■ **DESCRIPTION OF THE TASK**
Look through the listing below for the line containing "Dmitry Dell | Los Angeles". Copy it and each line after it up to and including the line containing "花生子叶切片实验研究成果报告", exactly, leaving out pictures.
——
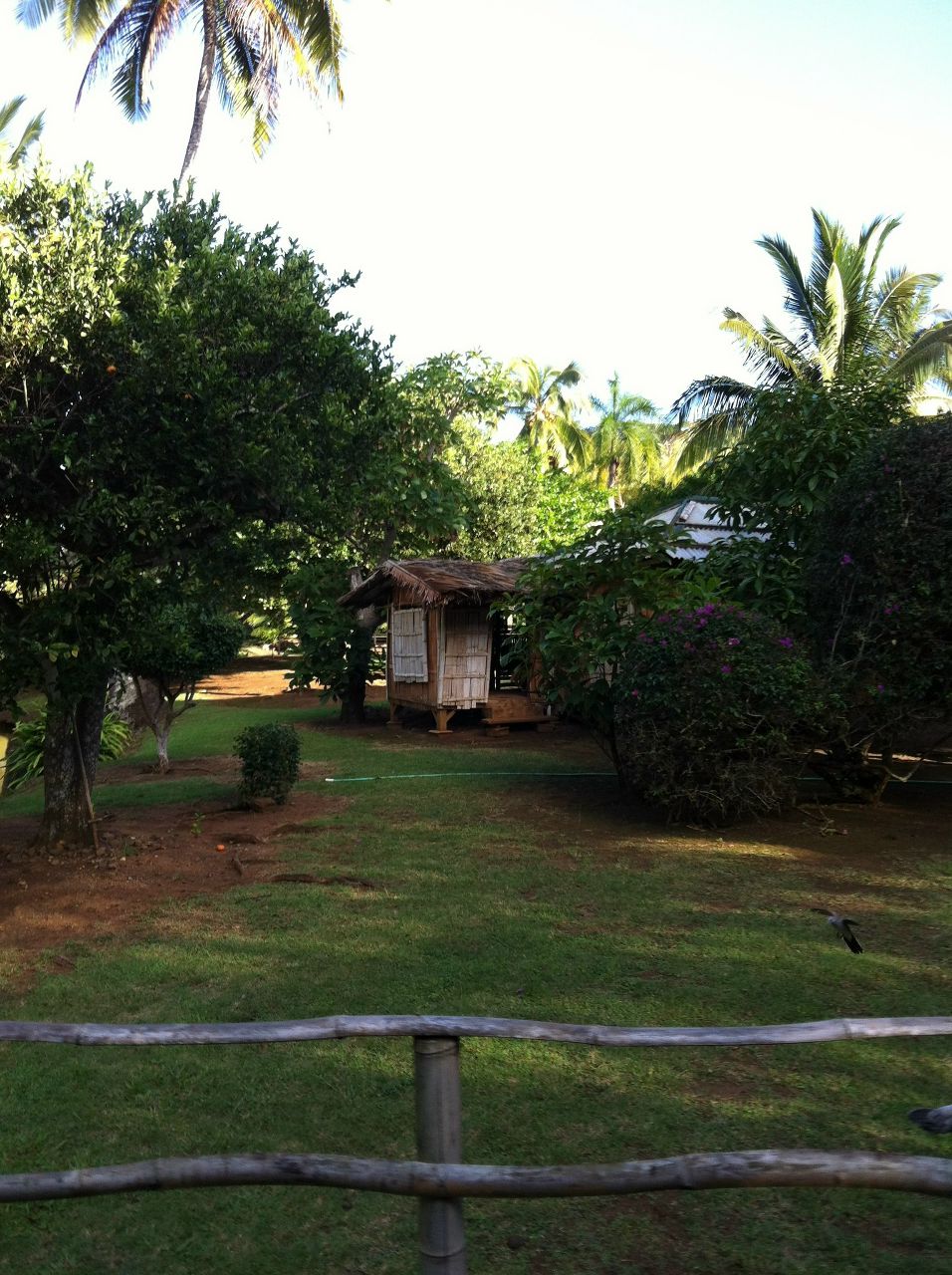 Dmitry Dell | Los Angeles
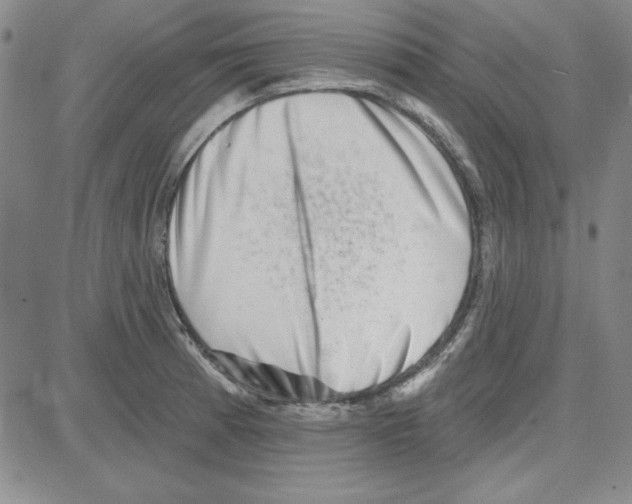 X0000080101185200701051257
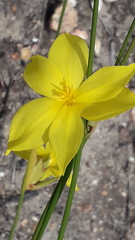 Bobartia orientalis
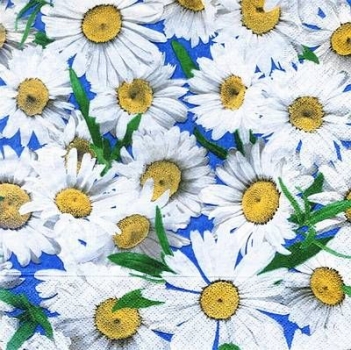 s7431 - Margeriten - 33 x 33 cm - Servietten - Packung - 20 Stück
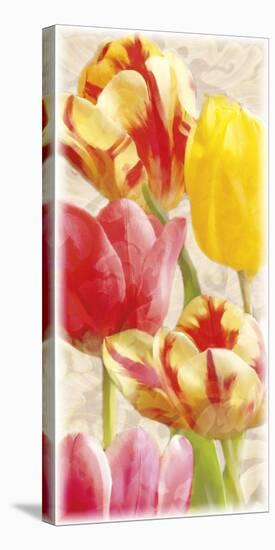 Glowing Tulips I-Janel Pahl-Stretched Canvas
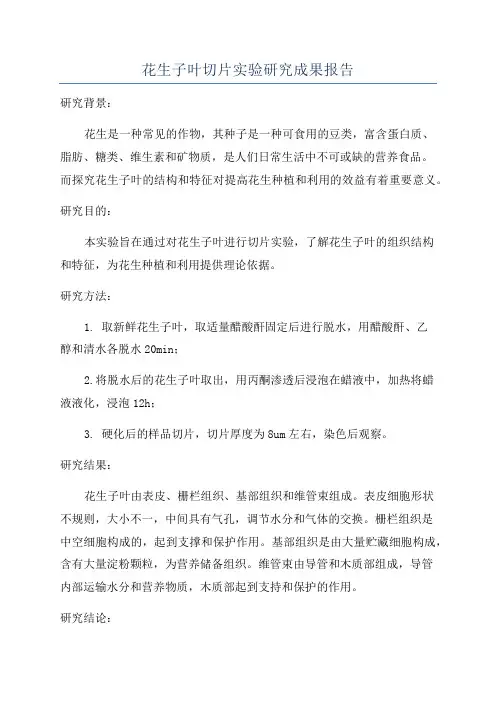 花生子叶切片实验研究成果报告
——
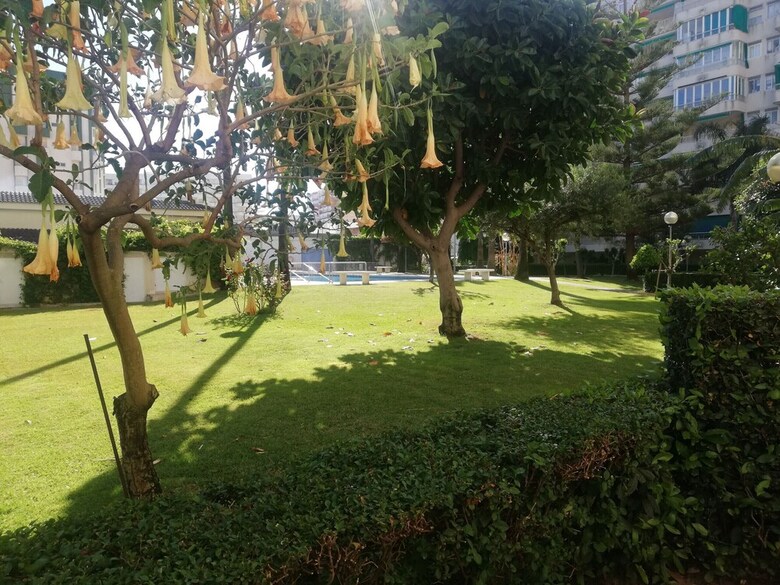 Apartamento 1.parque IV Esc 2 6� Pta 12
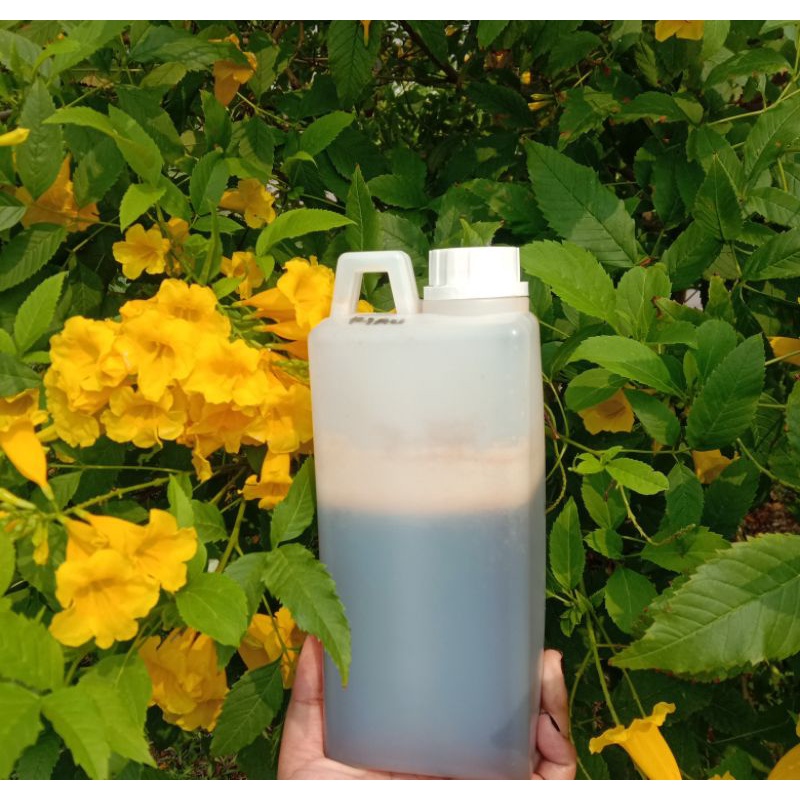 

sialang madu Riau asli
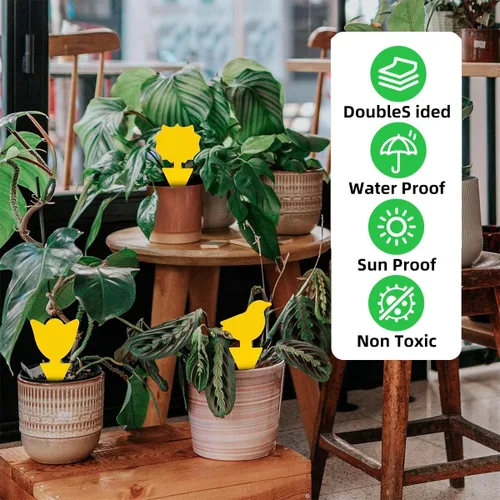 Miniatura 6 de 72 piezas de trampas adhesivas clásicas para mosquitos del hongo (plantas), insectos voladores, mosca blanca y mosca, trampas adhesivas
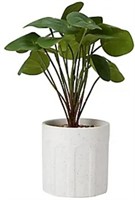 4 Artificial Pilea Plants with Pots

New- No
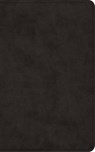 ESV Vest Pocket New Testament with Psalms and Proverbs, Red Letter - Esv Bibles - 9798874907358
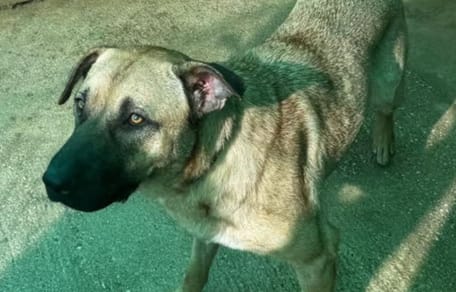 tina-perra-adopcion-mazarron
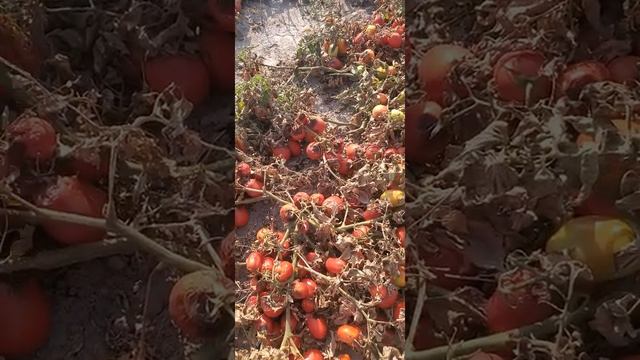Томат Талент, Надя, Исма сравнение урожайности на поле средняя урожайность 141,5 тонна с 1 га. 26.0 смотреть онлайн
——
■ **SOLUTION TO THIS PROBLEM**
 Dmitry Dell | Los Angeles
 X0000080101185200701051257
 Bobartia orientalis
 s7431 - Margeriten - 33 x 33 cm - Servietten - Packung - 20 Stück
 Glowing Tulips I-Janel Pahl-Stretched Canvas
 花生子叶切片实验研究成果报告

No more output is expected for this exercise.